Riba secara bahasa artinya tambahan. Sedangkan secara syar’i (istilah) artinya tambahan atas barang-barang tertentu. Riba terbagi dalam dua jenis: riba nasi’ah dan riba fadhl.
Nasi’ah diambil dari kata nasa’ yang artinya mengakhirkan. Riba jenis ini ada dua macam:
1. Memungut bunga dari orang yang kesulitan membayar hutang
Riba nasi’ah jenis ini adalah riba yang terjadi di zaman jahiliah. Jika seseorang memiliki hutang kepada orang lain dalam tempo tertentu, lalu ketika jatuh tempo orang yang memberi hutang berkata kepada orang yang berhutang, “Bayarlah hutangmu sekarang atau kamu terkena bunga,” jika orang yang berhutang membayar, maka ia tidak dikenai tambahan; jika tidak membayar, maka ia diberi tenggang waktu lagi dengan catatan hutangnya bertambah hingga akhirnya hutang yang ditanggungnya membesar. Oleh karena itu, Allah mengharamkan riba dengan firman-Nya:
وَاِنْ كَانَ ذُوْ عُسْرَةٍ فَنَظِرَةٌ اِلٰى مَيْسَرَةٍ
“Bila dia (orang yang berhutang) dalam kesulitan, maka tangguhkanlah hingga ia berkelapangan.” (QS al-Baqarah: 280)
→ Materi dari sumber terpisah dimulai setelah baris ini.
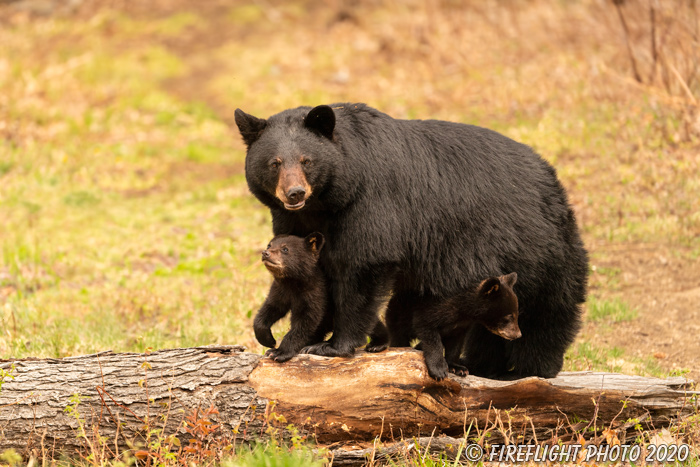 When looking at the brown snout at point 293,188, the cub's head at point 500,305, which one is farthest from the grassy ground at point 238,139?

Artinya, bila saat jatuh tempo orang yang berhutang dalam kesulitan, maka orang yang memberi hutang tidak boleh menambah hutangnya dengan bunga, tetapi dengan memberinya tenggang waktu. Namun bila orang yang berhutang memiliki kelapangan, maka ia wajib membayar hutang tersebut hingga tidak perlu ada tambahan pada hutangnya, baik dalam kondisi sulit maupun lapang.
2. Riba dalam jual beli dua jenis barang
Riba nasi’ah jenis ini terjadi dalam jual beli dua jenis barang yang sama-sama memiliki ‘illah riba fadhl’ dan serah terima salah satu atau kedua barang tersebut tertunda (tidak langsung di tempat).
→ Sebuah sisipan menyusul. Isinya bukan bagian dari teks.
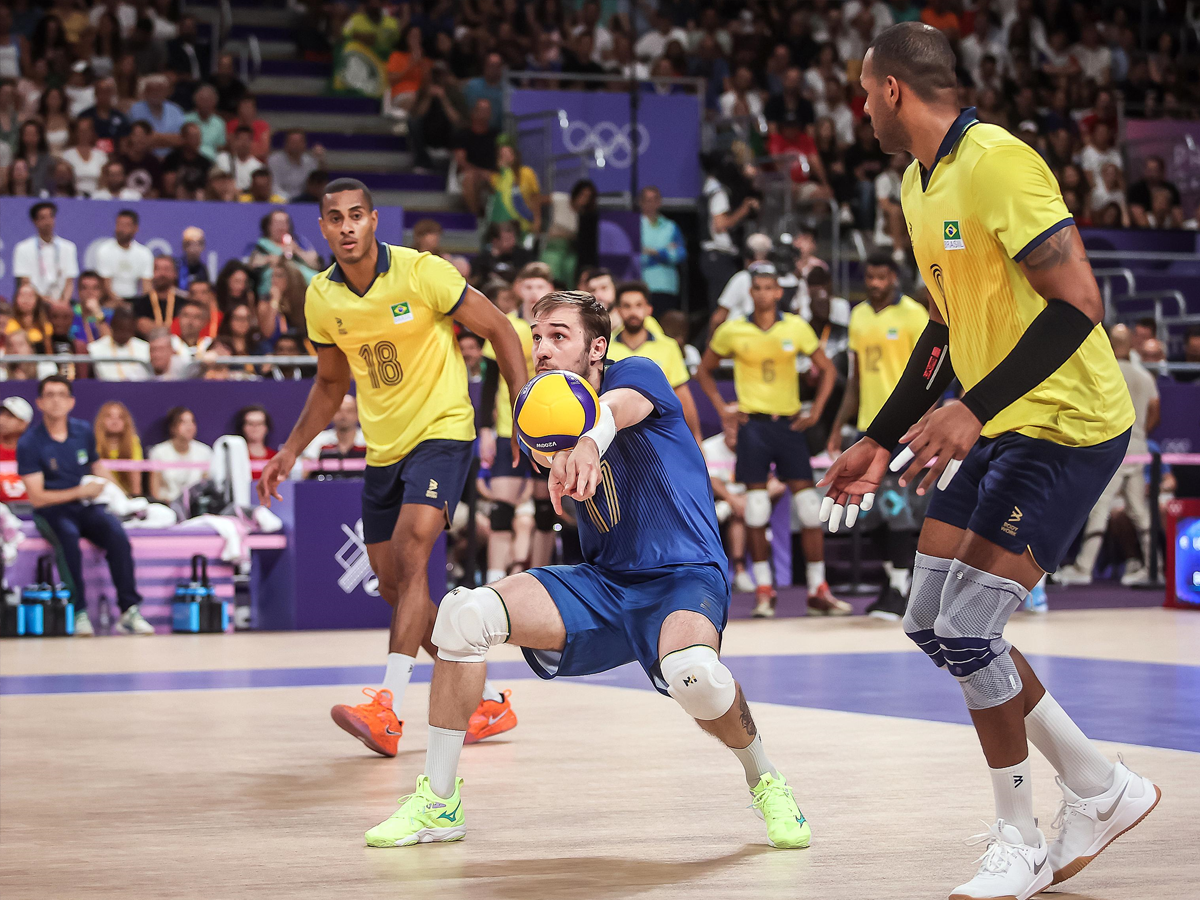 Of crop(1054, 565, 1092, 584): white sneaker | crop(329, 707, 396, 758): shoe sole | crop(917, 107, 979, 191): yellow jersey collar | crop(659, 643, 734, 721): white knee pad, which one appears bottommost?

Misalnya: Menjual emas dengan emas, perak dengan perak, burr dengan burr (biji-bijian yang merupakan jenis terpenting yang ditanam di negara beriklim sedang, yang bulirnya digiling untuk membuat tepung untuk roti, pasta, kue, dll.), sya’ir dengan sya’ir (biji-bijian yang keras yang memiliki bulu kasar yang menjulur dari telinga. Ini dibudidayakan secara luas, terutama untuk digunakan dalam pakan ternak), kurma dengan kurma, dan garam dengan garam; atau menjual salah satu dari keenam jenis tersebut dengan jenis lain namun secara tempo. (Misalnya menjual emas dengan perak, kurma dengan garam yang tidak langsung serah terima di tempat. Salah satu atau keduanya diserahkan beberapa waktu kemudian.) Demikian halnya dengan barang-barang lain yang memiliki ‘illah (sebab) sama dengan keenam jenis barang di atas, maka riba pun dapat terjadi pada barang tersebut.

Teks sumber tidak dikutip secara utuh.